Tommoro Robotics Introduces CLIP-RT at RSS 2025: A Step Toward Natural Language-Driven Robot Learning
Published 2025. 6. 2.
admin
At the 2025 Robotics: Science and Systems (RSS) conference, Tommoro Robotics presented CLIP-RT, a new vision-language-action (VLA) foundation model developed in collaboration with Seoul National University. The model enables robots to learn manipulation skills directly from natural language instructions such as “move the cup to the shelf,” without requiring teleoperation or specialized training setups.
According to the research team, CLIP-RT combines vision, language, and action understanding through a contrastive imitation learning framework. This approach allows the system to map visual context and verbal commands to appropriate robotic behaviors efficiently. Despite its relatively compact size of around one billion parameters, CLIP-RT outperforms much larger models such as Stanford’s OpenVLA (seven billion parameters) by roughly 24 percentage points in average task success.

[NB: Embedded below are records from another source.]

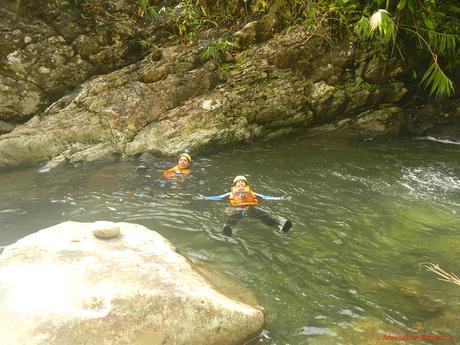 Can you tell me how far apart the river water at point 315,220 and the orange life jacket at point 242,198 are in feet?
1.18

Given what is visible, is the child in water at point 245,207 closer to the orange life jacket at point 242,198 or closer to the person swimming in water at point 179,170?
the orange life jacket at point 242,198

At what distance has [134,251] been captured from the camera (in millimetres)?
4094

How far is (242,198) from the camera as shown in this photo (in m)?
6.97

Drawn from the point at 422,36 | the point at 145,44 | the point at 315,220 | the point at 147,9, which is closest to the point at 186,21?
the point at 147,9

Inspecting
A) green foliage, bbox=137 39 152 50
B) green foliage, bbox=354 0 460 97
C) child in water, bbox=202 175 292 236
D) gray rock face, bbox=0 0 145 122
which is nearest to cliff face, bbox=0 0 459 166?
gray rock face, bbox=0 0 145 122

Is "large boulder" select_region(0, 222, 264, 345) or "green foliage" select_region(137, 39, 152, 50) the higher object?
"green foliage" select_region(137, 39, 152, 50)

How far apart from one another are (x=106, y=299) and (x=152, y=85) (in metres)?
7.97

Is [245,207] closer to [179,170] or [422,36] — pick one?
[179,170]

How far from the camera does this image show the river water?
4121 mm

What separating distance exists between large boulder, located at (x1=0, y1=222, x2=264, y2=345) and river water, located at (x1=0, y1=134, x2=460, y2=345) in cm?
65

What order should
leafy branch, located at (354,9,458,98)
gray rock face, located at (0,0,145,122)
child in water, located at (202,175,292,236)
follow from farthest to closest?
1. gray rock face, located at (0,0,145,122)
2. leafy branch, located at (354,9,458,98)
3. child in water, located at (202,175,292,236)

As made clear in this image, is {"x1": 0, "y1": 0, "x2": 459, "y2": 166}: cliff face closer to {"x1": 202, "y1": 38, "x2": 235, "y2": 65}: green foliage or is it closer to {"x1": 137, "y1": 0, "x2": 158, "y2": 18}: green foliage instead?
{"x1": 202, "y1": 38, "x2": 235, "y2": 65}: green foliage

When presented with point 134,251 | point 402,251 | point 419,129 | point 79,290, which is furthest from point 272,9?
point 79,290

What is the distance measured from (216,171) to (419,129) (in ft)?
21.0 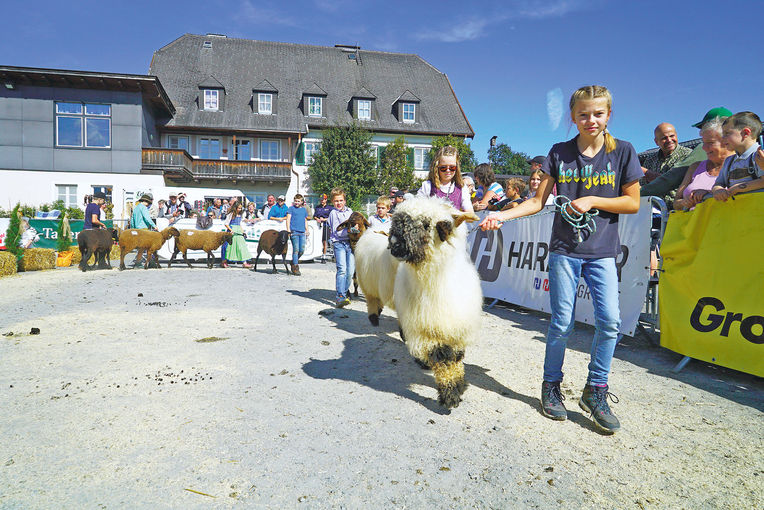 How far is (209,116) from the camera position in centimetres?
3603

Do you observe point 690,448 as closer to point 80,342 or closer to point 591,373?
point 591,373

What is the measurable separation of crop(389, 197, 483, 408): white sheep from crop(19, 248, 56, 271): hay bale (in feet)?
49.0

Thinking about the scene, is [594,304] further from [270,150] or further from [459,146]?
[270,150]

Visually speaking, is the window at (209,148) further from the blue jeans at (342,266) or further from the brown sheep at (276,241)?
the blue jeans at (342,266)

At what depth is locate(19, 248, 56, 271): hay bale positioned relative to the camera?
46.1 feet

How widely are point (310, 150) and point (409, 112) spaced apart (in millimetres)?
9668

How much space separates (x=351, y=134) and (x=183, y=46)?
18301 millimetres

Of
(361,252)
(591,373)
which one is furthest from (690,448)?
(361,252)

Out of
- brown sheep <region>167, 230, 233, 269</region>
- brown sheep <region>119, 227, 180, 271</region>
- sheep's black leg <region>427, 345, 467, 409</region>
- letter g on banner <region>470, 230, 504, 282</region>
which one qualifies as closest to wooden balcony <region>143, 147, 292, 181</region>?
brown sheep <region>167, 230, 233, 269</region>

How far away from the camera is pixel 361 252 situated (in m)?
7.04

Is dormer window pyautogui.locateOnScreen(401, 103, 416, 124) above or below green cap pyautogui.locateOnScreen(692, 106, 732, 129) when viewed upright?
above

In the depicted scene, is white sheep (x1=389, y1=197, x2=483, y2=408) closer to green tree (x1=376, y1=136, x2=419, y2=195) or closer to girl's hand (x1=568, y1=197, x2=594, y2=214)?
girl's hand (x1=568, y1=197, x2=594, y2=214)

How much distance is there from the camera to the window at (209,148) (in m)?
35.9

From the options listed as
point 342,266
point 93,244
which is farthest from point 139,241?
point 342,266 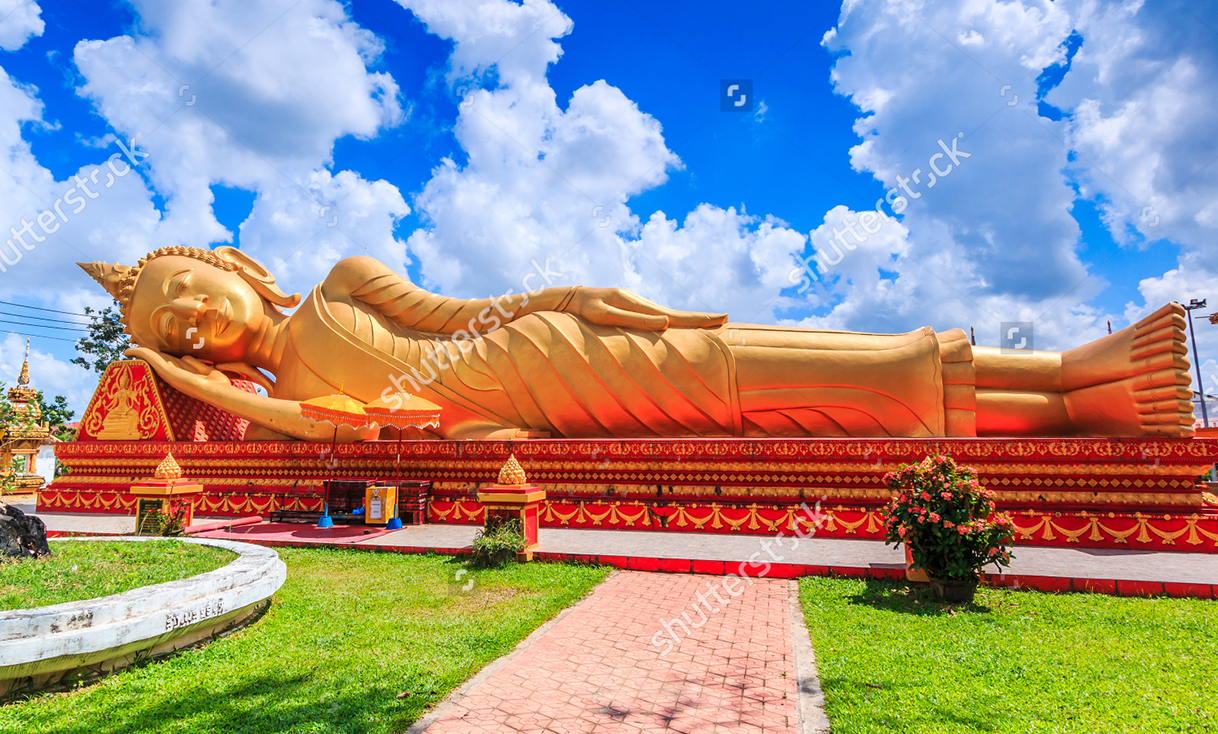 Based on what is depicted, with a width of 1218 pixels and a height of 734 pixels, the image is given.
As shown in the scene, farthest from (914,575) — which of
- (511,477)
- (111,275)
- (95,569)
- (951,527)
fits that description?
(111,275)

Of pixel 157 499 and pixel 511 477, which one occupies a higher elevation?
pixel 511 477

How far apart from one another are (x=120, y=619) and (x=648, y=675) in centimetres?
337

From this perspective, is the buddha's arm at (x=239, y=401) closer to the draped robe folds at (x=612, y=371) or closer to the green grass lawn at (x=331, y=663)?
the draped robe folds at (x=612, y=371)

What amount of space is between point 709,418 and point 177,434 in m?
11.5

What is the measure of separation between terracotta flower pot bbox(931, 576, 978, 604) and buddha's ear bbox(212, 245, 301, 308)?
44.4 feet

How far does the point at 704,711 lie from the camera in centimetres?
343

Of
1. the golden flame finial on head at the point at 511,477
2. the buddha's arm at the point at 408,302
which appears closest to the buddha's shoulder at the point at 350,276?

In benchmark tests using the LIBERO robotic manipulation suite, CLIP-RT achieved about 92.8 % task success and demonstrated real-time control speeds of up to 163 Hz. The system can also generalize to new tasks with only a few demonstrations, making it practical for real-world deployment.
The project represents a joint effort between Tommoro Robotics and the AI Research Institute at Seoul National University, led by Professor Byoung-Tak Zhang. By bridging natural language and robotic control, CLIP-RT aims to make teaching robots as intuitive as giving verbal instructions, marking a significant step toward more accessible and adaptive robot learning.